» **About this exercise**
Print the listing below only from the line that has "Ninja creami coffee" through the line that has "Kuru bir gül, hasır", exactly, and drop any picture.

» **Raw data**
↓↓↓

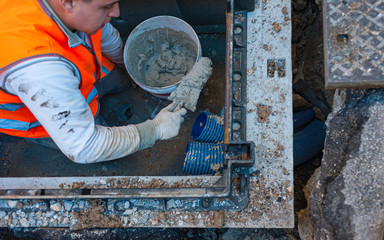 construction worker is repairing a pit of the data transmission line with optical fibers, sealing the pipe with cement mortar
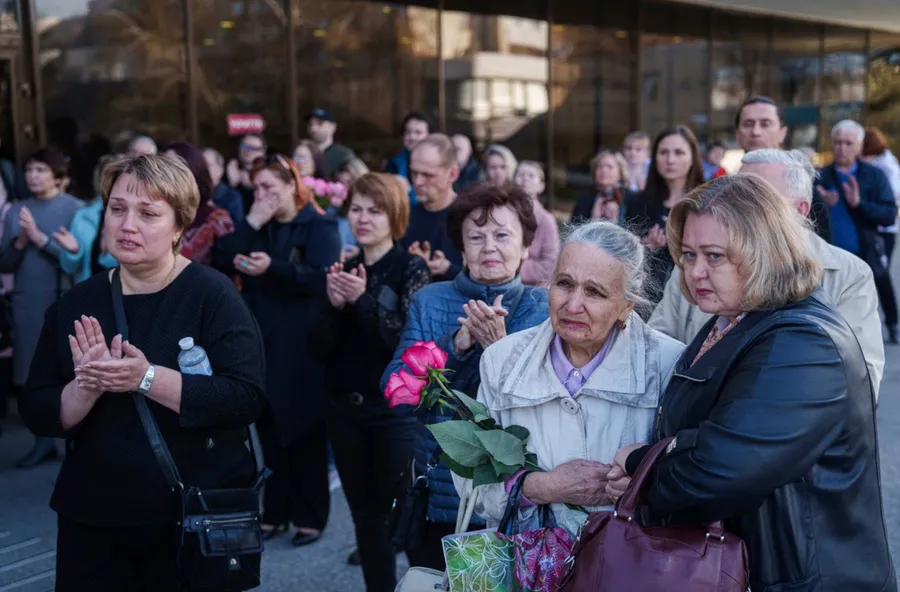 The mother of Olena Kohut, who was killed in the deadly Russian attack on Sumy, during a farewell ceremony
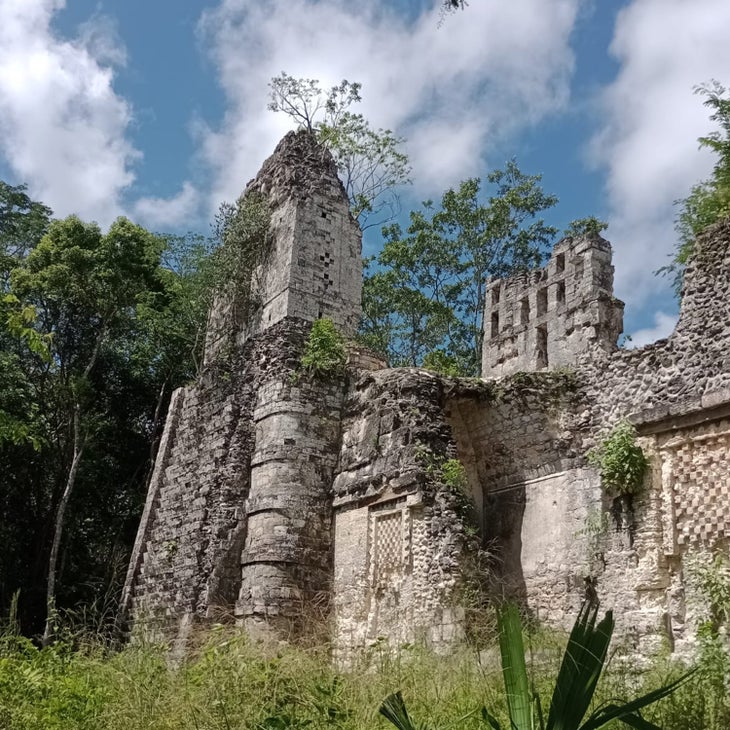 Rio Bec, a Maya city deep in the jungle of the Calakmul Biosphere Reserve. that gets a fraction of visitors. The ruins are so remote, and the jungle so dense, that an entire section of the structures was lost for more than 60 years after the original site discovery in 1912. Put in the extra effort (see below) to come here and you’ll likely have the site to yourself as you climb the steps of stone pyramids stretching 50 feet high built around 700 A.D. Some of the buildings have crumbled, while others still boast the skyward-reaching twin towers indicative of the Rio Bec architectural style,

↑↑↑
↓↓↓

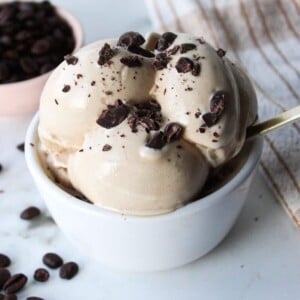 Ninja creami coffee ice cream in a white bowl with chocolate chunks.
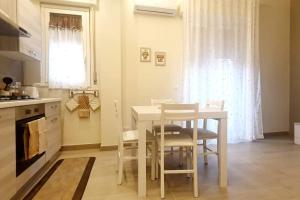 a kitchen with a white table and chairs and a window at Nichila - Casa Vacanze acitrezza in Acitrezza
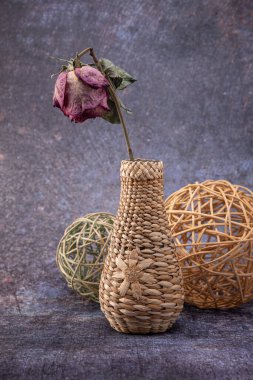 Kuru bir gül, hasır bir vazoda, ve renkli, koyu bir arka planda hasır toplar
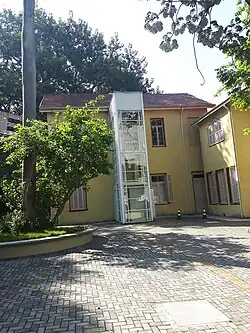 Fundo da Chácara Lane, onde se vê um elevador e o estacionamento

↑↑↑

» **Answer for this exercise**
 Ninja creami coffee ice cream in a white bowl with chocolate chunks.
 a kitchen with a white table and chairs and a window at Nichila - Casa Vacanze acitrezza in Acitrezza
 Kuru bir gül, hasır bir vazoda, ve renkli, koyu bir arka planda hasır toplar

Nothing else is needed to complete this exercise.